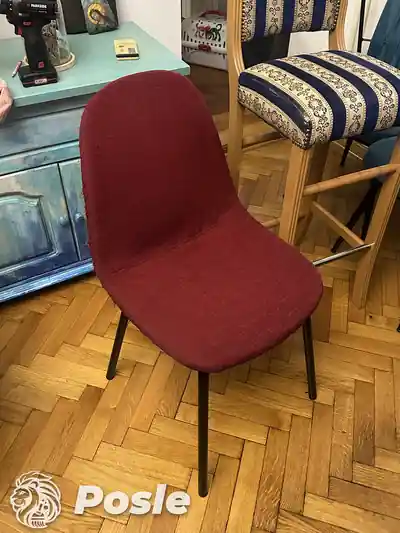 Dubinsko pranje crvene stolice posle dubinskog pranja u Beogradu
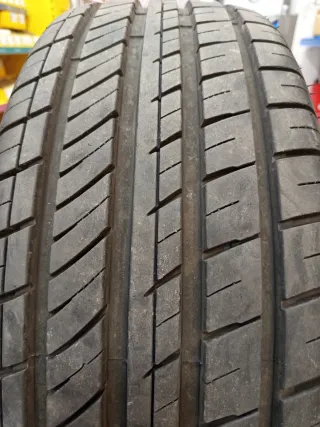 Pareja Neumáticos Ovation 215/55 R18 99V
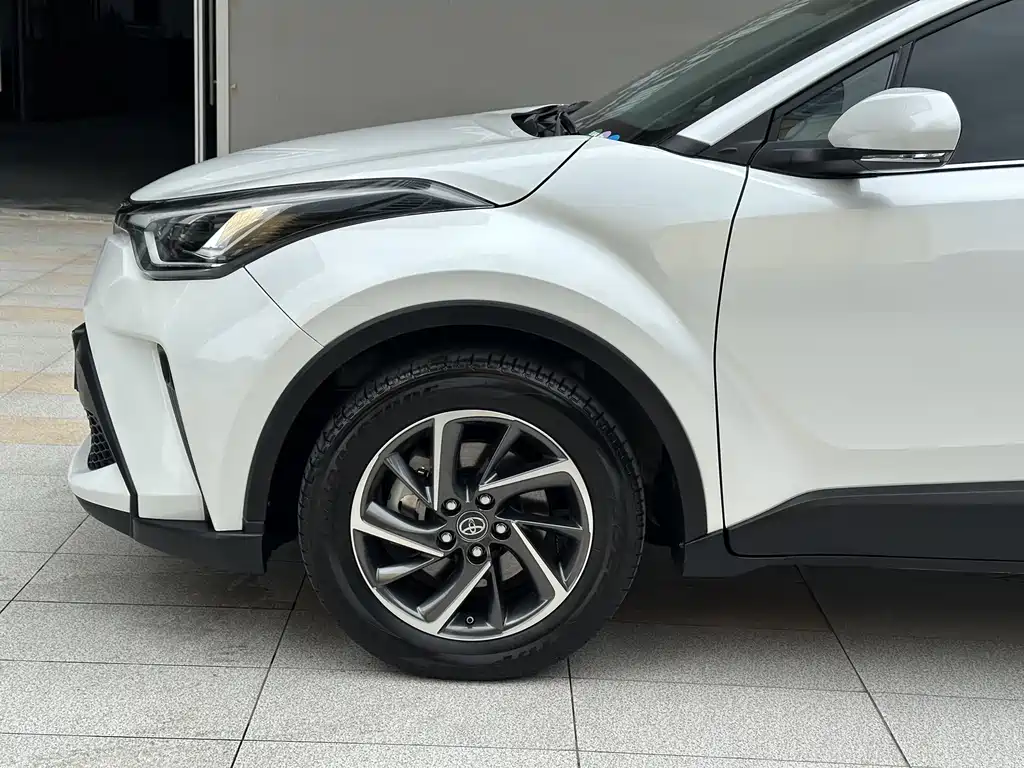 Toyota C-HR 2023 — фото 19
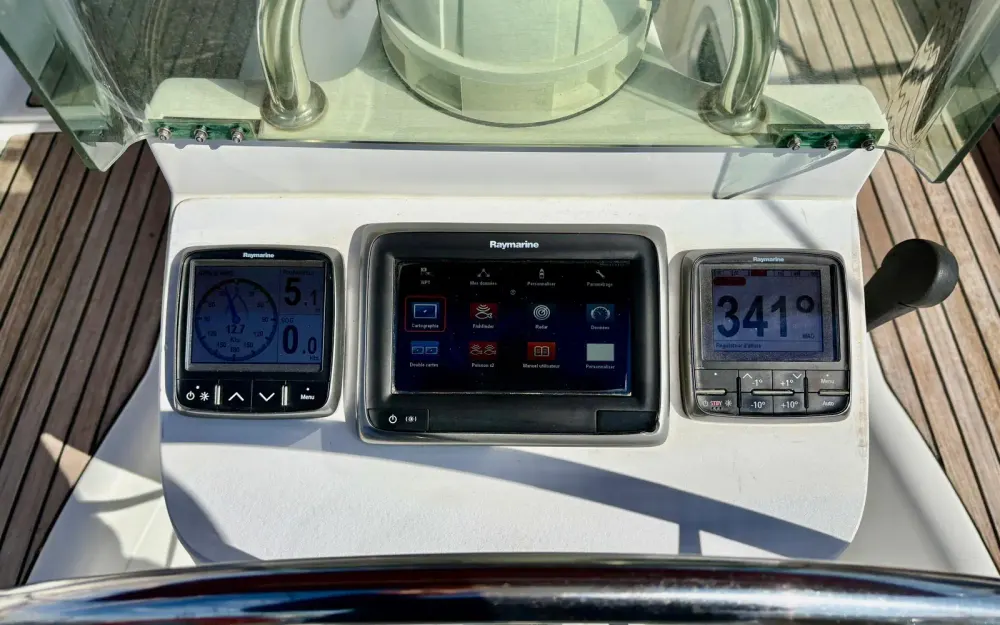 slider 8 Beneteau Oceanis 331 Clipper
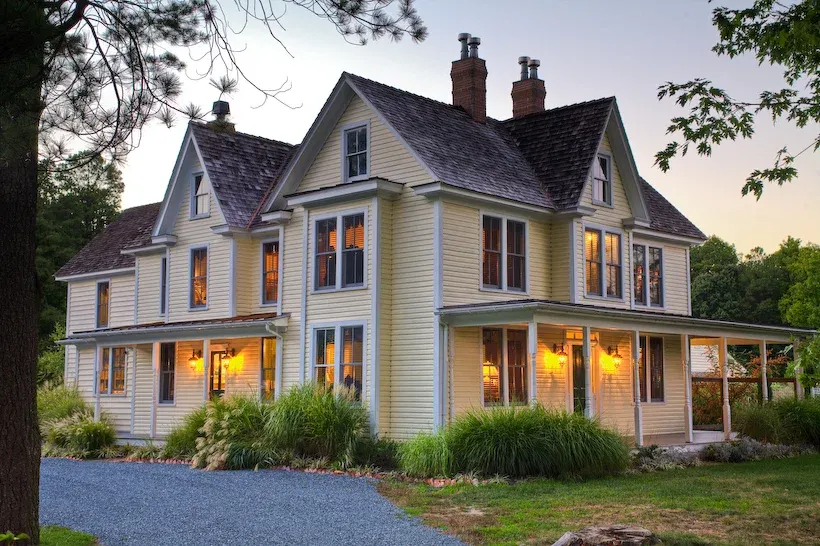George Brooks House B & B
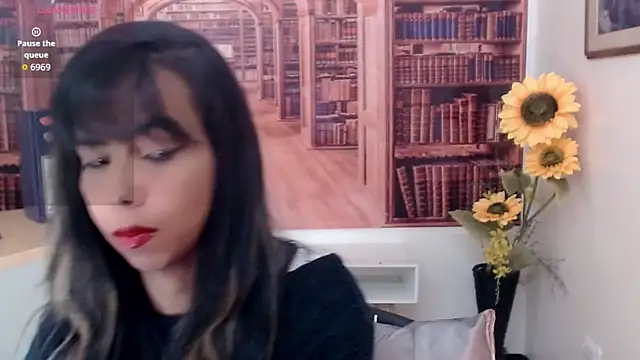 Snapshot of Catalella_Ar chatting on 4, 10, 2025 Catalella Ar online show from 4, 10, 2025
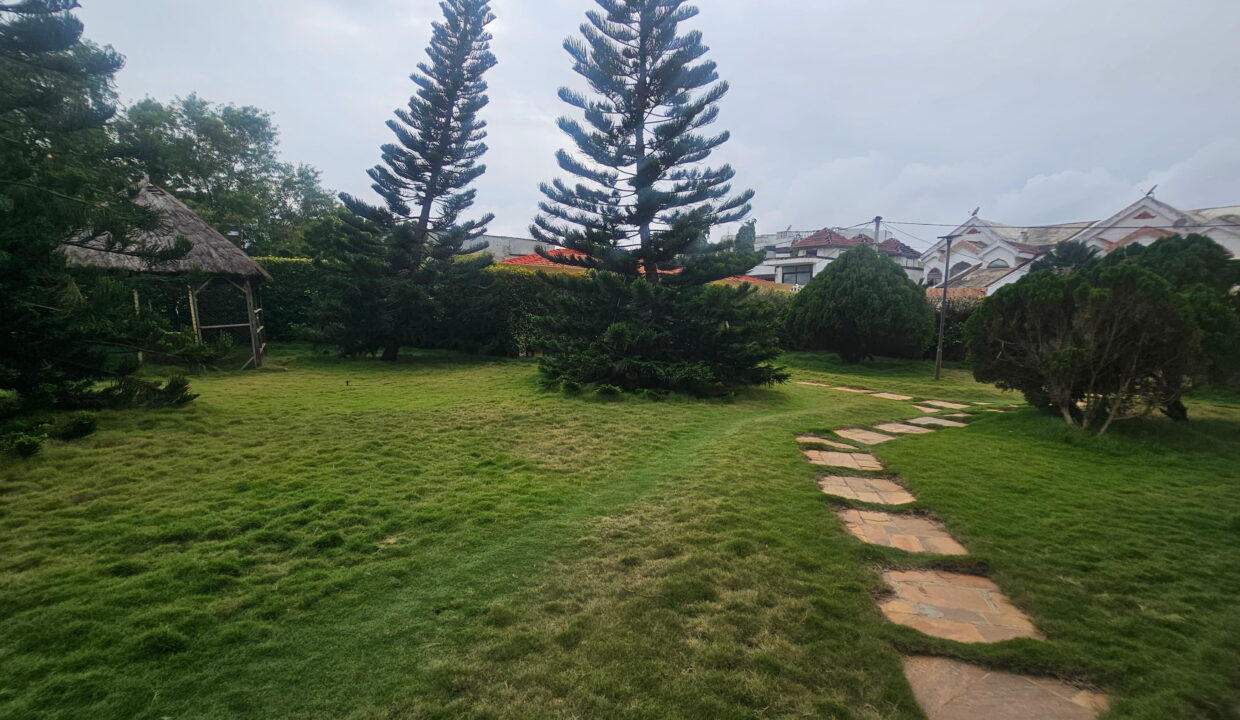 Villa vue sur mer a vendre au quartier jack jardin avec sapin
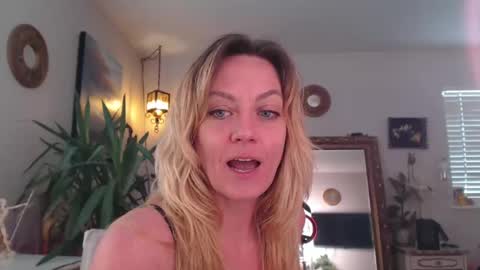 Snapshot of god_size chatting on 20, 2, 2025 Alisha Dallas online show from 20, 2, 2025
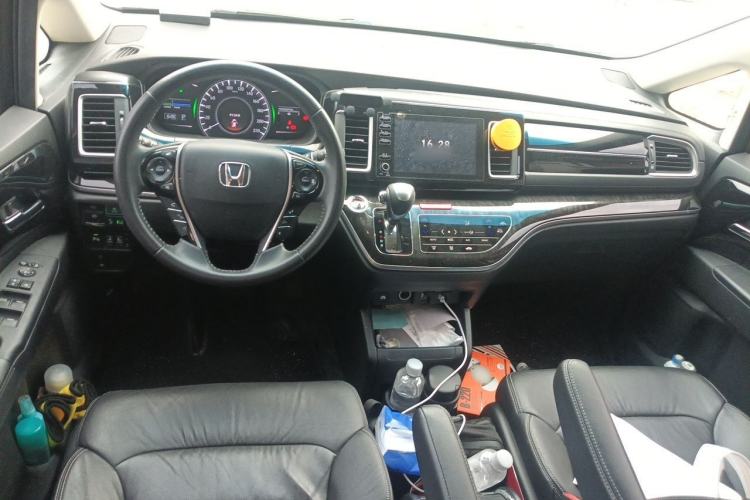 Used Honda Elysion 2019 2.0L Hybrid Luxury Edition Center Console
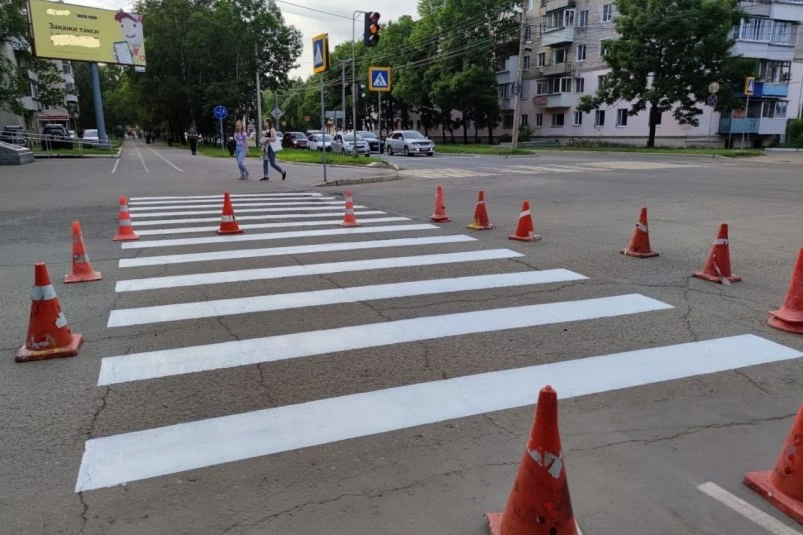 В Уссурийском округе к 1 сентября обновили разметку на пешеходных переходах у школ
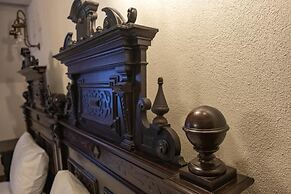 The Throne Boutique Hotel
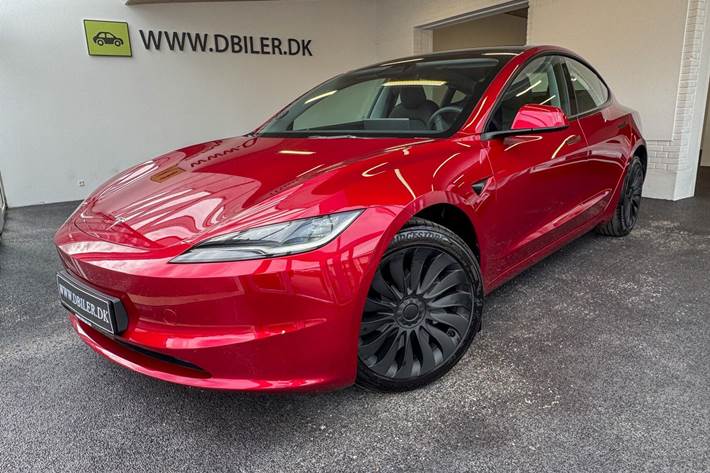 Rød Tesla Model 3 fra 2024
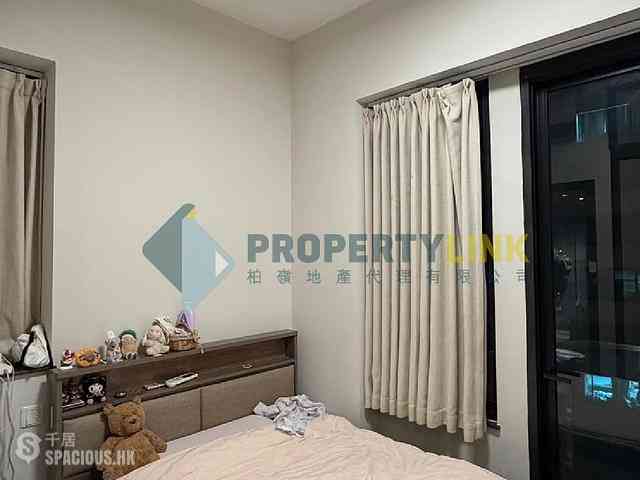Sheung Wan - AVA128 01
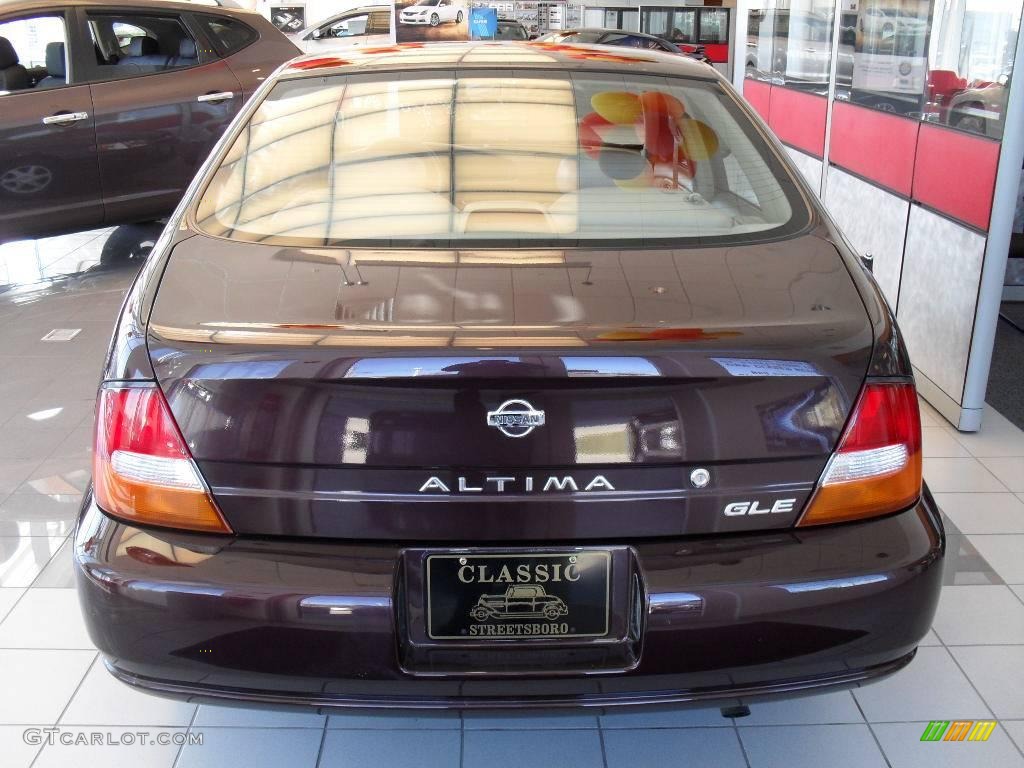 1998 Altima GLE - Black Cherry Pearl Metallic / Tan photo #6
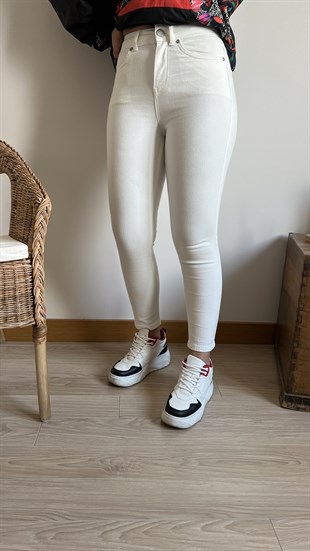 Likralı Toparlayan Beyaz Skinny Jean 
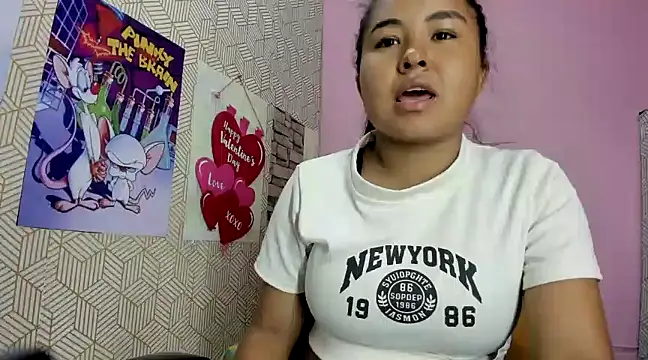 Snapshot of camilagreeco chatting on February 13, 12:43 pm camilagreeco online show from February 13, 12:43 pm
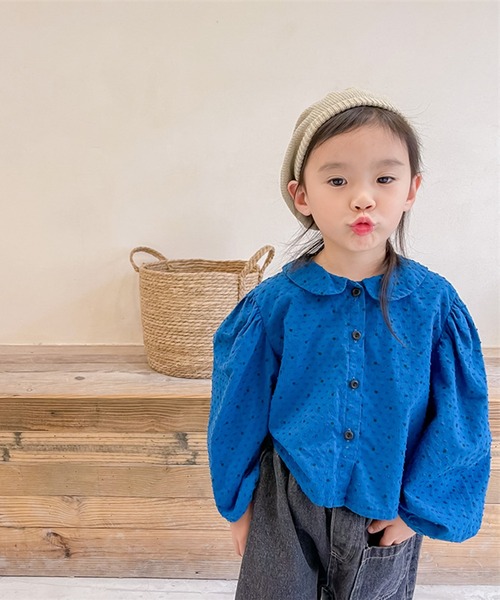 aimoha(アイモハ)の「aimoha-KIDS- ドット柄パフスリーブ姫ブラウス(シャツ/ブラウス・キッズ・ブルー/ベージュ・120/100/80/110/90/130)」の4枚目の写真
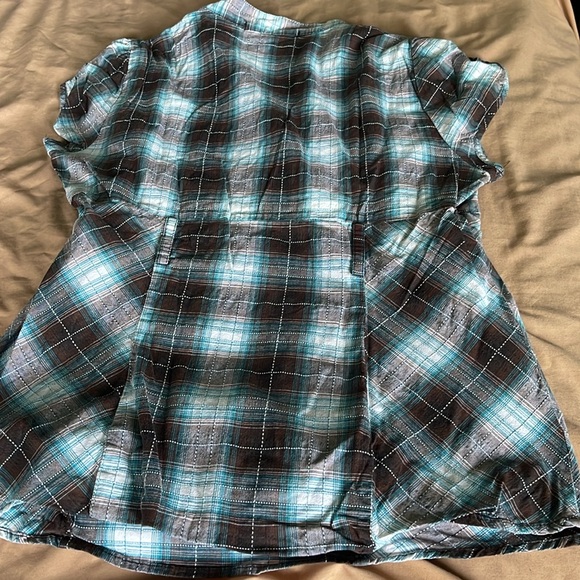 Bundle tops with mixed strips and all black button up top - Picture 6 of 10
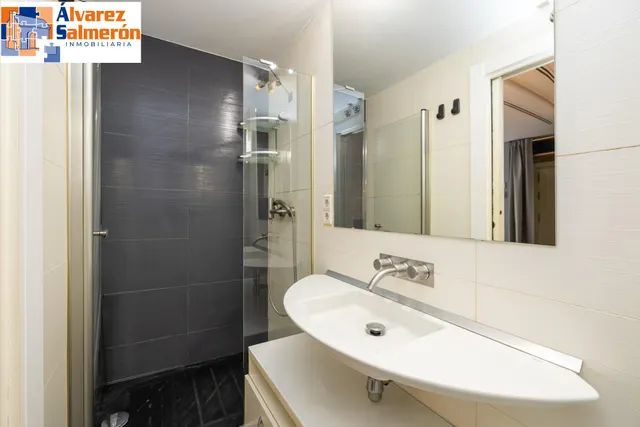 Apartamento tipo loft con garaje incluido y piscina en zona Parque Lagos — 19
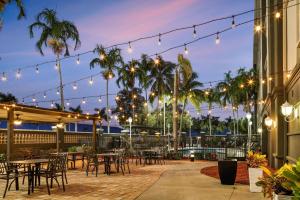 Restaurace v ubytování La Quinta by Wyndham Miami Airport West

— TASK TO CARRY OUT —
Take every entry above and transcribe it exactly, with no pictures in the copy.

— OUTPUT FOR THIS TASK —
 Dubinsko pranje crvene stolice posle dubinskog pranja u Beogradu
 Pareja Neumáticos Ovation 215/55 R18 99V
 Toyota C-HR 2023 — фото 19
 slider 8 Beneteau Oceanis 331 Clipper
George Brooks House B & B
 Snapshot of Catalella_Ar chatting on 4, 10, 2025 Catalella Ar online show from 4, 10, 2025
 Villa vue sur mer a vendre au quartier jack jardin avec sapin
 Snapshot of god_size chatting on 20, 2, 2025 Alisha Dallas online show from 20, 2, 2025
 Used Honda Elysion 2019 2.0L Hybrid Luxury Edition Center Console
 В Уссурийском округе к 1 сентября обновили разметку на пешеходных переходах у школ
 The Throne Boutique Hotel
 Rød Tesla Model 3 fra 2024
Sheung Wan - AVA128 01
 1998 Altima GLE - Black Cherry Pearl Metallic / Tan photo #6
 Likralı Toparlayan Beyaz Skinny Jean 
 Snapshot of camilagreeco chatting on February 13, 12:43 pm camilagreeco online show from February 13, 12:43 pm
 aimoha(アイモハ)の「aimoha-KIDS- ドット柄パフスリーブ姫ブラウス(シャツ/ブラウス・キッズ・ブルー/ベージュ・120/100/80/110/90/130)」の4枚目の写真
 Bundle tops with mixed strips and all black button up top - Picture 6 of 10
 Apartamento tipo loft con garaje incluido y piscina en zona Parque Lagos — 19
 Restaurace v ubytování La Quinta by Wyndham Miami Airport West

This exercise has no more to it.